Desde el comienzo de la conquista, el objetivo de los franceses fue la explotación económica de los recursos naturales. Indochina era una colonia muy rica, pues producía arroz, caucho, azúcar de caña, algodón y café; así como yacimientos de hierro y carbón, y una significativa industria textil. El ministro Albert Sarraut la consideraba “la más próspera de todas nuestras colonias”. Los franceses llevaron a cabo una legislación, movilización de capitales y reclutaron mano de obra barata para satisfacer los nuevos sectores de la economía. No obstante, la acción colonizadora, con el desarrollo de las comunicaciones y la centralización de la administración que acabó esa disparidad entre las etnias vietnamitas, favoreciendo la aparición de un fuerte nacionalismo que encabezaría los principales focos de resistencia. Antes de la Primera Guerra Mundial las ideas marxistas ya comenzaron a extenderse por Indochina por su crítica al imperialismo. Así, la Internacional socialista se interesó por su situación ya que consideraba que cumplía las condiciones pre-revolucionarias y tenía el régimen colonial más autoritario y la población más miserable y numerosa. La Gran Depresión del 29 catalizó el descontento de la población en un levantamiento general que fue duramente reprimido por las autoridades francesas. Comenzaba aquí el germen de la independencia indochina, donde el PCI (Partido Comunista Indochino) y su máximo exponente Ho Chi Minh serían protagonista
Durante la Segunda Guerra Mundial, en 1941 Japón invade Indochina aprovechando la ocupación alemana de Francia. Durante estos años, la principal resistencia vendrá por parte del Vietminh, el brazo armado del movimiento liderado por Ho Chi Minh. Con la derrota de Japón por los aliados, se crea un vacío político del que el Vietmnh sabe sacar provecho, restaurando el Estado independiente y creando la República Democrática Vietnamita (RDV), reconocido por la Francia de De Gaulle, con la que firman una acuerdo de paz.
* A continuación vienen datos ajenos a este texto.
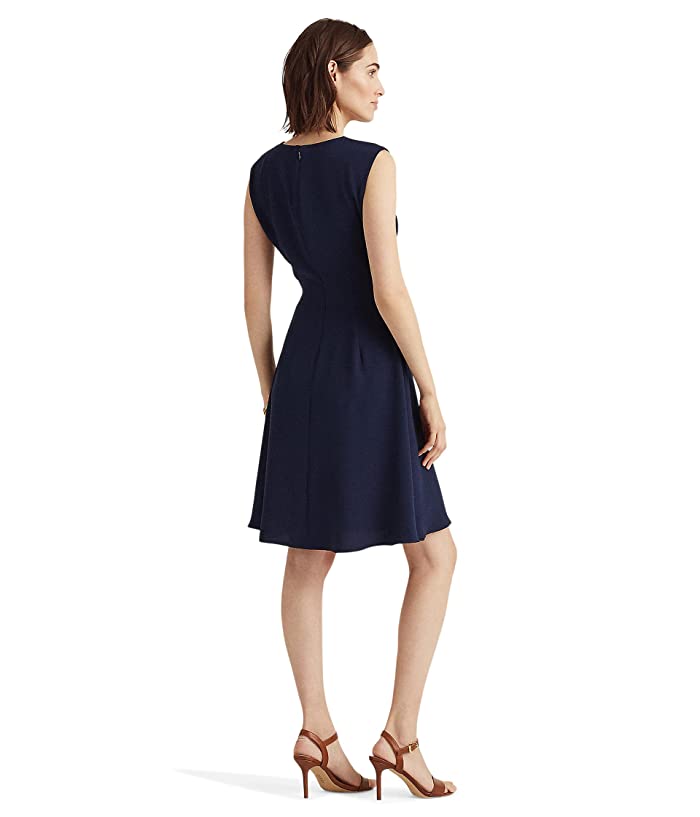 Lauren ralph lauren discount double-faced fit-and-flare dress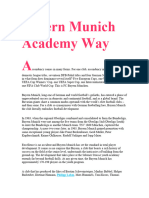 Bayern Munich Academy Way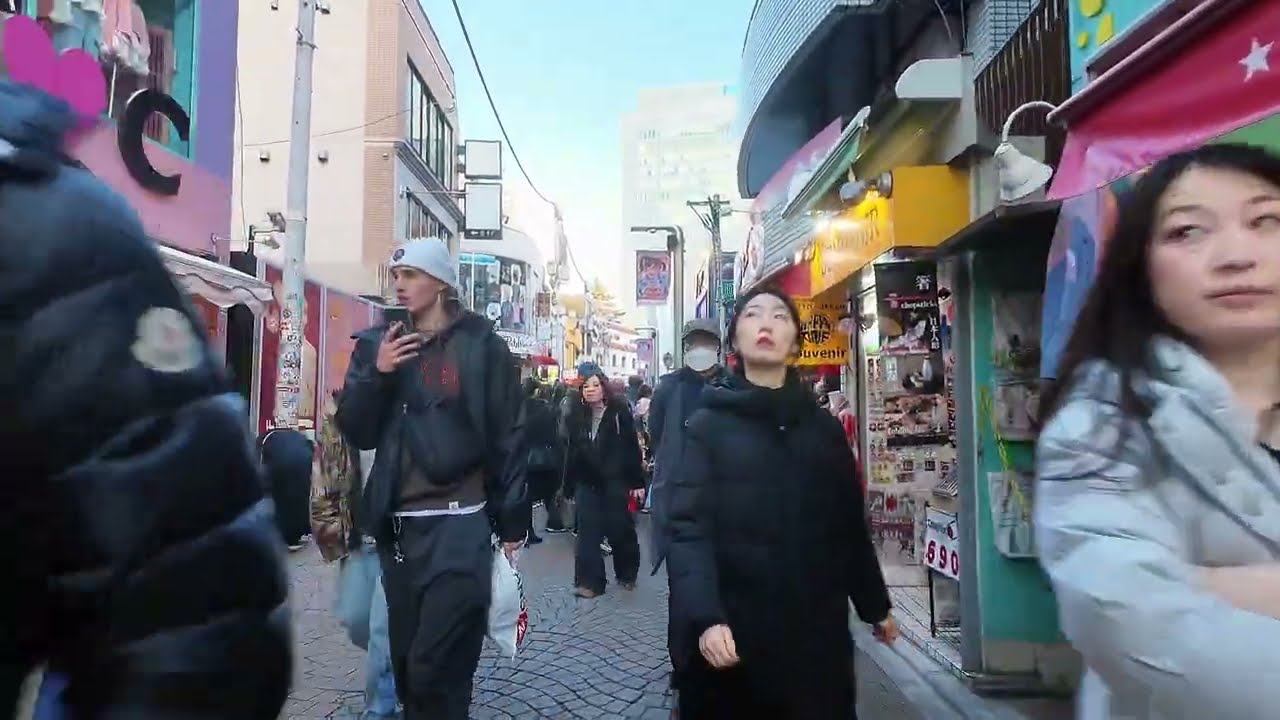 Walking through Takeshita Street in Harajuku, Tokyo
No obstante los franceses, instaurada ya la IV República, regresaran en 1946 rompiendo el acuerdo, con el objetivo de “restaurar le hegemonía francesa para mantener a Francia entre las grandes potencias”. Comenzaba así la Guerra de Indochina con un hecho dramático como fue el bombardeo del puerto de Haiphong, al norte de Vietnam, por parte de la aviación y la marina francesa, causando la muerte de 600 personas. La guerra continuó como una guerra de guerrillas y contraguerrillas, cuyo objetivo era el desgaste del invasor, en la que la población sufrió bastante. En la guerra los vietnamitas obtuvieron el importantísimo apoyo de Mao Zedong quien, tras derrotar al partido nacionalista en una dura guerra, inició la República Popular China dirigida por el Partido Comunista. Fue, como dice Brocheux, la transformación de Indochina en una frente caliente de la Guerra Fría lo que permitió a los franceses zafarse del de la acusación de guerra colonial por una “guerra anticomunista”.
Francia revisa su pasado colonial – “La ley de la vergüenza” 2005-.
En febrero de 2005 se aprobó una enmienda de una ley menor sobre el “reconocimiento de la nación a los repatriados”. En su artículo cuatro, la norma recomienda que “los programas escolares reconozcan en particular el papel positivo de la presencia francesa en Ultramar, especialmente en el norte de África”. Los socialistas, advertidos por los historiadores, pidieron la anulación de la ley. Se produjo un fuerte debate de gran repercusión social. Chirac obligó a reformar la ley en diciembre de 2005.